_THE DATA_
..........
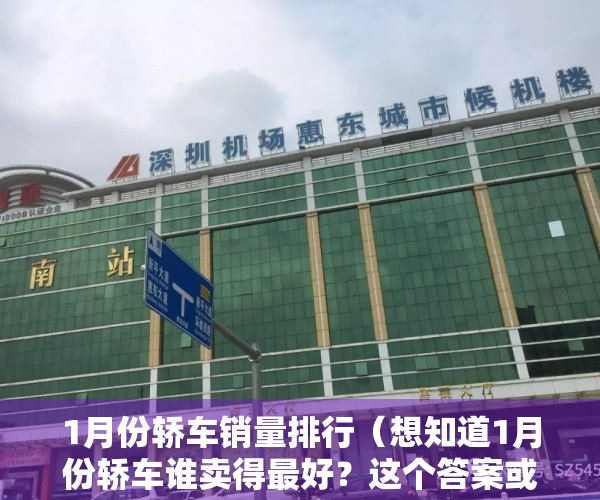 1月份轿车销量排行（想知道1月份轿车谁卖得最好？这个答案或许已经在你心里了！）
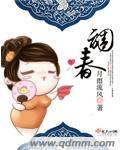 医娇妻美又飒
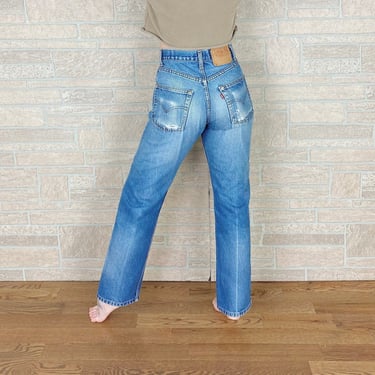Levi's 505 Faded Vintage Jeans / Size 27 28 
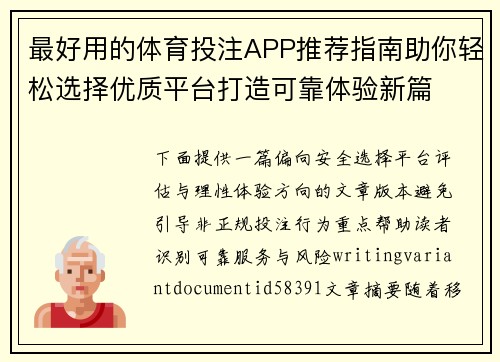 最好用的体育投注APP推荐指南助你轻松选择优质平台打造可靠体验新篇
..........
_WHAT THE TASK ASKS_
Each line of the data above must be reproduced as written. Skip the pictures.

_FINISHED TASK_
 1月份轿车销量排行（想知道1月份轿车谁卖得最好？这个答案或许已经在你心里了！）
 医娇妻美又飒
Levi's 505 Faded Vintage Jeans / Size 27 28 
 最好用的体育投注APP推荐指南助你轻松选择优质平台打造可靠体验新篇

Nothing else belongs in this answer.